What is Health Monitoring?
Introduction
Similar to your actual health, health monitoring is important to maintain uptime and quality of services. With many platforms boasting “health monitoring,” you may ask: why would I even need this over traditional status monitoring?
The answer is simple: health monitoring can allow for actions to be taken if, for example, an origin has gone offline. Such “actions” can prevent users from noticing, or experiencing downtime. Health checks also permit proactive actions to be taken: an example could be a server whose load (CPU utilization) is rapidly rising — a single health check can detect this trend and move new users to another server (or even deploy more resources on scalable platforms).
Whether a health check detects an origin going offline, or a server's CPU usage rising too quickly, health checks play an important role in load balancing and failover checks.
Types of “Health Checks”
Health monitoring uses a variety of checks to monitor availability to server load:
- Server Agents (webhooks)
With “server agents,” monitoring occurs with a small program configured to run either as a daemon or under a timed CRON job. The program can check many different pieces of information on a server; for example, RAM usage, CPU usage — even disk usage. More advanced monitoring agents can even forward logs and interact with other software on the server to determine whether additional (or occasionally less) hardware is required to maintain a service.
The one disadvantage of such health checks is that they require the use of custom (or 3rd party) software on a server. While this can potentially be mitigated through the use of Docker, or another transparent container solution, it requires the most work to configure and is often chosen only if HTTP/ping requests are insufficient.
- Ping or HTTP requests
With “ping” checks and/or “HTTP requests,” the provider will send out occasional “bumps” to origins to ensure that they are “alive.” This is often configurable as well; with some health monitoring services, “ping” tests can be sent from multiple locations around the world. Others even offer the ability to send custom HTTP requests to origin endpoints to ensure that they are still working.
Either way, this option is the easiest to configure and requires that the CDN, or provider, keep monitoring for any sudden downtime.

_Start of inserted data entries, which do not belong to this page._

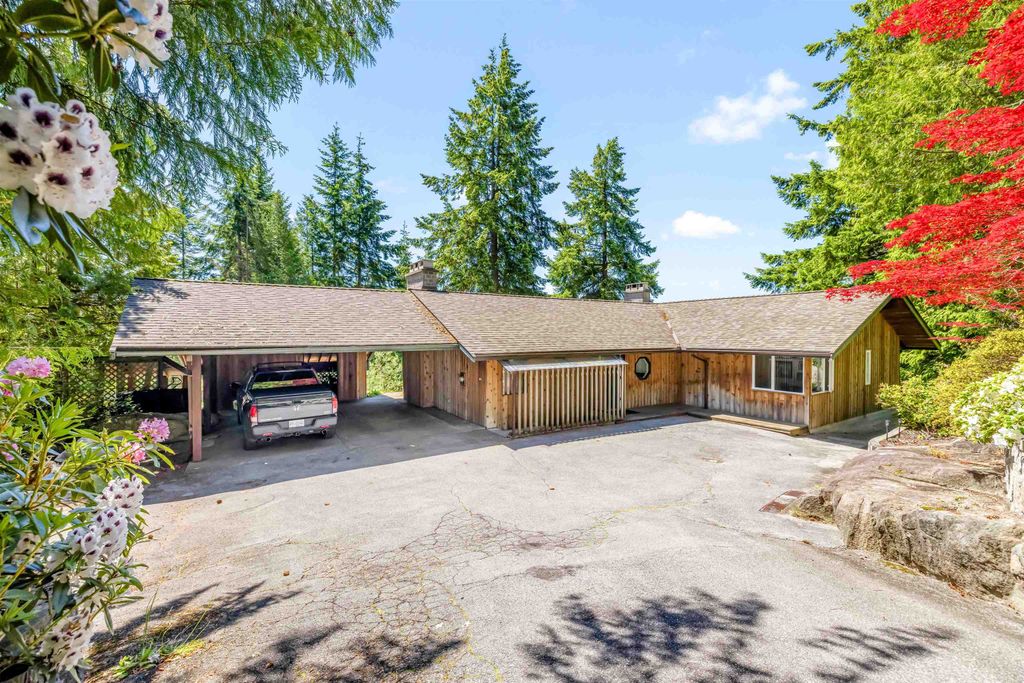 listing image 1103941230551390263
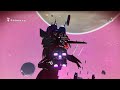 Melting Sentinels with Upgraded Weapons: No Man's Sky Interceptor Ep 6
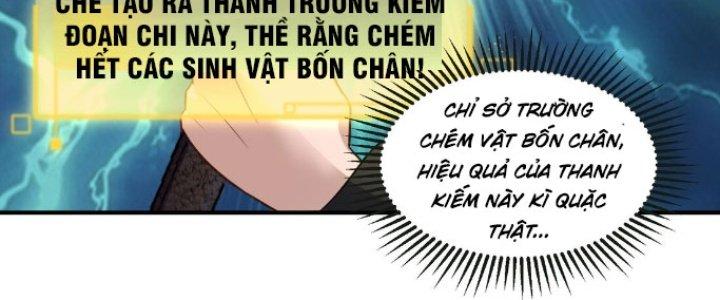 Hệ Thống Này Quá Không Đứng Đắn Chapter 7 - Trang 2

Uses for Health Monitoring
As mentioned previously, health monitoring offers a plethora of benefits to webmasters:
- Failover
- When an origin is detected to be offline, it can be removed from rotation and all subsequent requests will be routed to remaining servers.
- Load Balancing
- When an origin is detected to be offline (e.g. the monitoring agent is no longer responding), subsequent requests can be rerouted
- When an agent returns a higher than normal load, or underutilization, servers can be pulled/deployed to meet demand
- If existing servers are able to handle the load, a load balancer can begin to distribute requests to servers under a “list” to ensure a user’s quality of service
Conclusion
Health monitoring plays an important role in maintaining the quality of services for users. Even when services are pushed to their limits, high-quality monitoring will allow for appropriate scaling — furthermore, simpler configurations of health checks (ping, HTTP GET, etc.) can still ensure that users are never routed to a server that is offline or unable to process a request.